→ Records to process
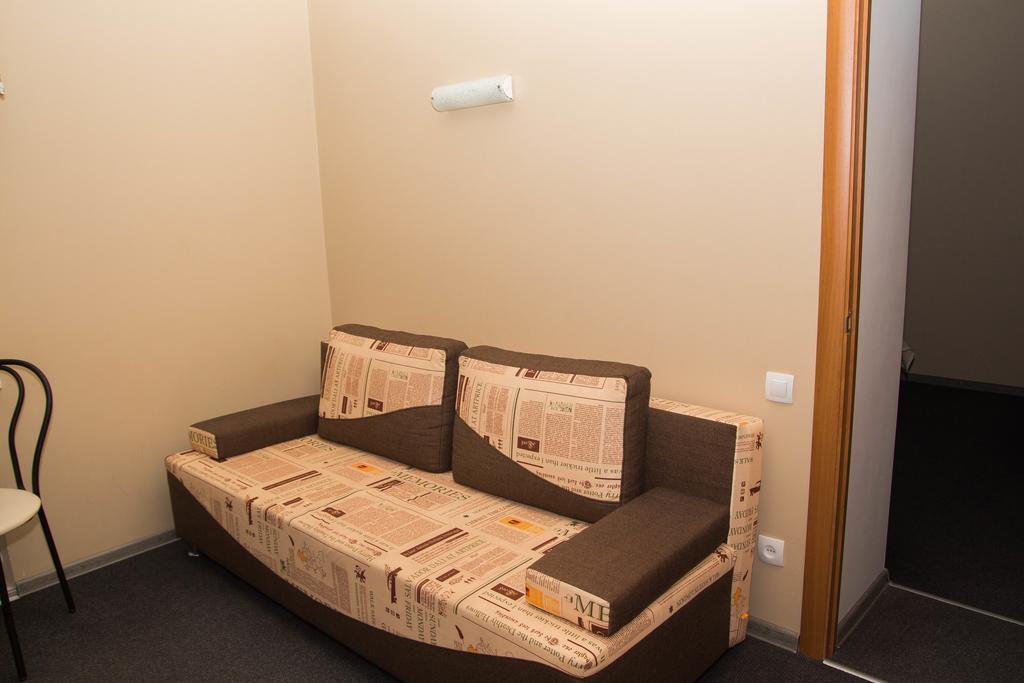 Yuzhniy Dvorik Aparthotel Odessa Ngoại thất bức ảnh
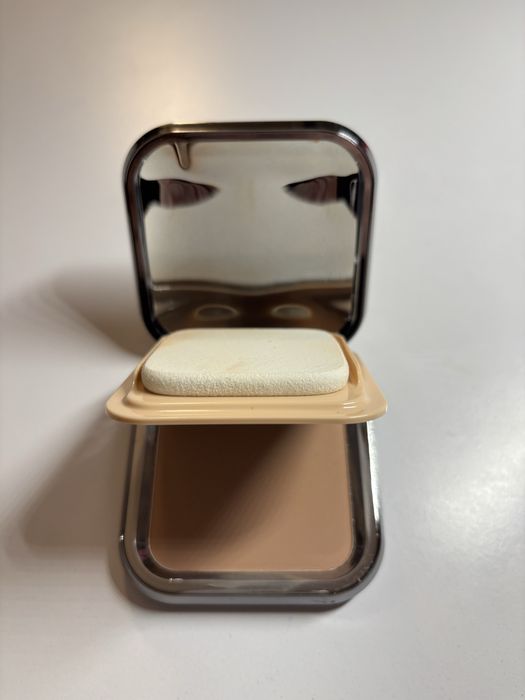 Тональна пудра kiko milano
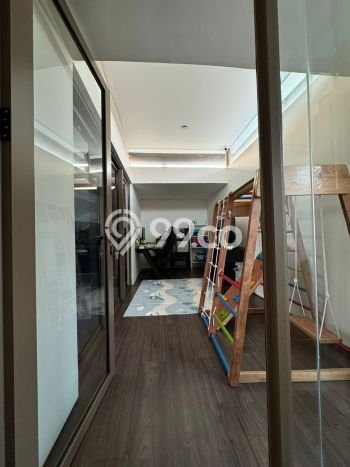 Rumah Mewah Siap Huni LT 122m2 di Karang Tengah, Tangerang Rumah Mewah Siap Huni LT 122m2 di Karang Tengah, Tangerang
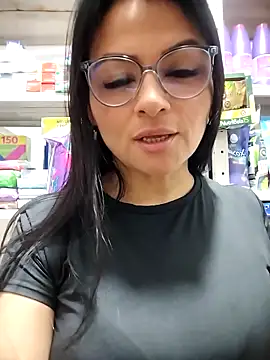 Linda Lars online show from 11-24-25, 03:06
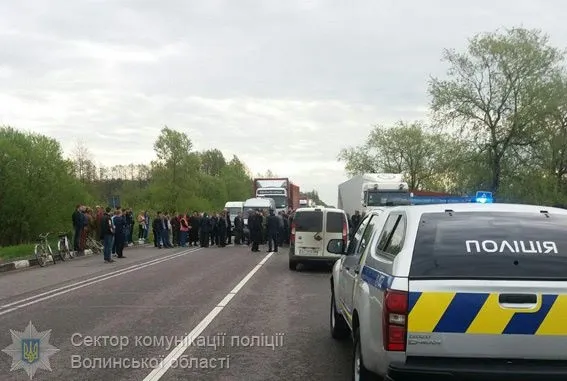 Волиняни перекрили трасу «Ковель-Ягодин» (фото)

→ The problem
Aside from the pictures, repeat the listing exactly.

→ Final answer
 Yuzhniy Dvorik Aparthotel Odessa Ngoại thất bức ảnh
 Тональна пудра kiko milano
 Rumah Mewah Siap Huni LT 122m2 di Karang Tengah, Tangerang Rumah Mewah Siap Huni LT 122m2 di Karang Tengah, Tangerang
 Linda Lars online show from 11-24-25, 03:06
 Волиняни перекрили трасу «Ковель-Ягодин» (фото)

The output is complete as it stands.